*** Opening MATERIALS PROVIDED ***

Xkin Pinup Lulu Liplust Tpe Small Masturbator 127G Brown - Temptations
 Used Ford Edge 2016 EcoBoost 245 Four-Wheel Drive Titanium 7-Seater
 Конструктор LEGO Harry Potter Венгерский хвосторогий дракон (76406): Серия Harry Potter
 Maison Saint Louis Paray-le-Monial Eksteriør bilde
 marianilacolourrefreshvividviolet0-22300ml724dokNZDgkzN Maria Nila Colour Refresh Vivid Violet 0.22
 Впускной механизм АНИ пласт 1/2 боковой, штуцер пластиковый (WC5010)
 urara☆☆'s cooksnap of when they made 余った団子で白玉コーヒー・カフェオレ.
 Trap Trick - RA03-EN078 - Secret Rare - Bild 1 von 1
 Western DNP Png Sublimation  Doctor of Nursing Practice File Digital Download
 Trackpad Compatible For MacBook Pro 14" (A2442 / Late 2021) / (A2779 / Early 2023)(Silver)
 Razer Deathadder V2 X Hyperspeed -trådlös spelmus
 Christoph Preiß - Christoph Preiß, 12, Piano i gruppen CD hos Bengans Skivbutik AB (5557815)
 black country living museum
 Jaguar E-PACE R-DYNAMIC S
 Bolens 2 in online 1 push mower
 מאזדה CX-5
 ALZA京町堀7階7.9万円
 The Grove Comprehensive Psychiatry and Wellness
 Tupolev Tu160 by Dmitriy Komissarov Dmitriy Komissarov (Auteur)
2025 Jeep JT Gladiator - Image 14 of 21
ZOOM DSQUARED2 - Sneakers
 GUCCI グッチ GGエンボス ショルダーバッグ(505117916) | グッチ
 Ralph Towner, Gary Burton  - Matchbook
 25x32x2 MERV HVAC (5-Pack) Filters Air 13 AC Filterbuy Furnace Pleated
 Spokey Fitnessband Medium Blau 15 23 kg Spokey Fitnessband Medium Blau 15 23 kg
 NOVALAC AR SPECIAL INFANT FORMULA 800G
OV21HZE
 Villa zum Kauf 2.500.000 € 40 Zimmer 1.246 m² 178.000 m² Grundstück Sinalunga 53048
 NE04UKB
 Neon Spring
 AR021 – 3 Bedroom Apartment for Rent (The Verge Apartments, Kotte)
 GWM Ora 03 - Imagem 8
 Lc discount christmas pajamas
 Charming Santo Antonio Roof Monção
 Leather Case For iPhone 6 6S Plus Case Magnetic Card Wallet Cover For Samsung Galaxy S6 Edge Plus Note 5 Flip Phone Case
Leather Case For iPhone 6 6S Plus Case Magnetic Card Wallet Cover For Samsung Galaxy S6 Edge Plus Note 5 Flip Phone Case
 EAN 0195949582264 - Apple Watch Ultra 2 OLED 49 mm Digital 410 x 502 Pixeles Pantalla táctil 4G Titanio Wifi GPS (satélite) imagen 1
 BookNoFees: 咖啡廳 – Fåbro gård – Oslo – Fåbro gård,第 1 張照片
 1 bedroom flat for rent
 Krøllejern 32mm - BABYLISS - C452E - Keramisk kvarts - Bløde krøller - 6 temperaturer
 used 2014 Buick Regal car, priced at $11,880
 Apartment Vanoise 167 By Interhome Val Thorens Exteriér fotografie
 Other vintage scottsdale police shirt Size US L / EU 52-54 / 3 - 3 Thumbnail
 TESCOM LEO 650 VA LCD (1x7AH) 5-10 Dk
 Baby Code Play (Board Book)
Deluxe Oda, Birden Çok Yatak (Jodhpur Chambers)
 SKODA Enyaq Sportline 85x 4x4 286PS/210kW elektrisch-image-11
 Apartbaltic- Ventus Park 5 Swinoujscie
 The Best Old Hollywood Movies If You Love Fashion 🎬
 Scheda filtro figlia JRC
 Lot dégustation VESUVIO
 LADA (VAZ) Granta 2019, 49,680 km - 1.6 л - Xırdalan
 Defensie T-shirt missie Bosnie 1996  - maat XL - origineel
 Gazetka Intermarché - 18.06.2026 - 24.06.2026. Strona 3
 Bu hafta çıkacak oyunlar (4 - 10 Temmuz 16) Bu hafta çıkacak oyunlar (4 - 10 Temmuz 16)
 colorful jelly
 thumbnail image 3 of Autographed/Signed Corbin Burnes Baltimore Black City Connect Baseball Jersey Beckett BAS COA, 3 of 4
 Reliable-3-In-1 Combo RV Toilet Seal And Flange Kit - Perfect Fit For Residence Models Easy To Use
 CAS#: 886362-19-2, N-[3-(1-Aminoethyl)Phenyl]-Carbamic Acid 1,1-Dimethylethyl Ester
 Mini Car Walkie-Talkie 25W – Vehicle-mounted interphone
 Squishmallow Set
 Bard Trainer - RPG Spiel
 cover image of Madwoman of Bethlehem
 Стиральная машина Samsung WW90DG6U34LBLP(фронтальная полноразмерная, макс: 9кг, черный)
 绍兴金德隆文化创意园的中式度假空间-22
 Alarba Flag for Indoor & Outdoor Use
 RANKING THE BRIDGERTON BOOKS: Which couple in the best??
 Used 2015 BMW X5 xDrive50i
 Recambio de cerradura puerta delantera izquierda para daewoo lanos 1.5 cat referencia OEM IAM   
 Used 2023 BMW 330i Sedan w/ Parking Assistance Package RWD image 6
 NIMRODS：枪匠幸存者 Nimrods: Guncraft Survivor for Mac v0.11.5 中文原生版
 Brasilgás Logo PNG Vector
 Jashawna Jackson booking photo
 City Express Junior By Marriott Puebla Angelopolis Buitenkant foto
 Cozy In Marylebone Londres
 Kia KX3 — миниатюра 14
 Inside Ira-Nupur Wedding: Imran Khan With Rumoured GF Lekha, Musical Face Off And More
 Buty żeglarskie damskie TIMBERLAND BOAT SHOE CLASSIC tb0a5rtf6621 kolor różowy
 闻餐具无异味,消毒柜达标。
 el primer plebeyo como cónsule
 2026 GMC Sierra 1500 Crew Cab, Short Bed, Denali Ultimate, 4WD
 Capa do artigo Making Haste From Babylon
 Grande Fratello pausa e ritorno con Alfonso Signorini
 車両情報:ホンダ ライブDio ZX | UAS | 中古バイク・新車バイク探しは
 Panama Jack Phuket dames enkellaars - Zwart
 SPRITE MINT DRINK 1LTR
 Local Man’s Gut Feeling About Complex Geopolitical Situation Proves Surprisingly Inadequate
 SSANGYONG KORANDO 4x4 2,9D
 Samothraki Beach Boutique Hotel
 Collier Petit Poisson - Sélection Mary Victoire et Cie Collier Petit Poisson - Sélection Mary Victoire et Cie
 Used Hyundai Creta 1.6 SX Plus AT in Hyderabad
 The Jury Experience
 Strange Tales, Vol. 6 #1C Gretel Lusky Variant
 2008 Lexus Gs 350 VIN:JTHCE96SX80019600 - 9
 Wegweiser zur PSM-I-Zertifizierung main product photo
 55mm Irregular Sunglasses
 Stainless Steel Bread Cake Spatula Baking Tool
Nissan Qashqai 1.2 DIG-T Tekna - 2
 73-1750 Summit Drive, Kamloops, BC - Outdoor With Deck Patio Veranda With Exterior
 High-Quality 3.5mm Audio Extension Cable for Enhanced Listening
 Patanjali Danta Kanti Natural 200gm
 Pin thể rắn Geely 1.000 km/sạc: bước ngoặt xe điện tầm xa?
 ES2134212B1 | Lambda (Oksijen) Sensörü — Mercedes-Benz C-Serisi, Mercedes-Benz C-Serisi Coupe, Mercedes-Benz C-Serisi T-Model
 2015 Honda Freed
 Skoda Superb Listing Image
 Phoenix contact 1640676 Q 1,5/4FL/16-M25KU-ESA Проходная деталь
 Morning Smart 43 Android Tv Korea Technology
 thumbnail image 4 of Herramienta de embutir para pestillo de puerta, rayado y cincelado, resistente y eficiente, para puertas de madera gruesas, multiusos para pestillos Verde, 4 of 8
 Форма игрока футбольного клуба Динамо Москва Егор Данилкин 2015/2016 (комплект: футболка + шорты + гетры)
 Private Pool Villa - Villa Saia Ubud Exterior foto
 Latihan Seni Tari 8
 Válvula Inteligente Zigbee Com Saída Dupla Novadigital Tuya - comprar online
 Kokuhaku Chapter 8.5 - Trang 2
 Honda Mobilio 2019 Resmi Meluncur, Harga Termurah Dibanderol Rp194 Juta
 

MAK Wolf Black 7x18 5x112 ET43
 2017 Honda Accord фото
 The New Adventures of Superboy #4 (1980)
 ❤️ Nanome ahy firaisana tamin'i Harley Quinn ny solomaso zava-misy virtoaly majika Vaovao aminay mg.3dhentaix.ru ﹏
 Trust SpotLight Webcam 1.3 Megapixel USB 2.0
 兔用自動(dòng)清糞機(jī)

*** Closing MATERIALS PROVIDED ***

→ **TO DO**
Retype only the stretch of lines above starting at the one with "Форма игрока футбольного" and stopping at the one with "Válvula Inteligente Zigbee", exactly as written, with both kept.

→ **YOUR SOLUTION**
 Форма игрока футбольного клуба Динамо Москва Егор Данилкин 2015/2016 (комплект: футболка + шорты + гетры)
 Private Pool Villa - Villa Saia Ubud Exterior foto
 Latihan Seni Tari 8
 Válvula Inteligente Zigbee Com Saída Dupla Novadigital Tuya - comprar online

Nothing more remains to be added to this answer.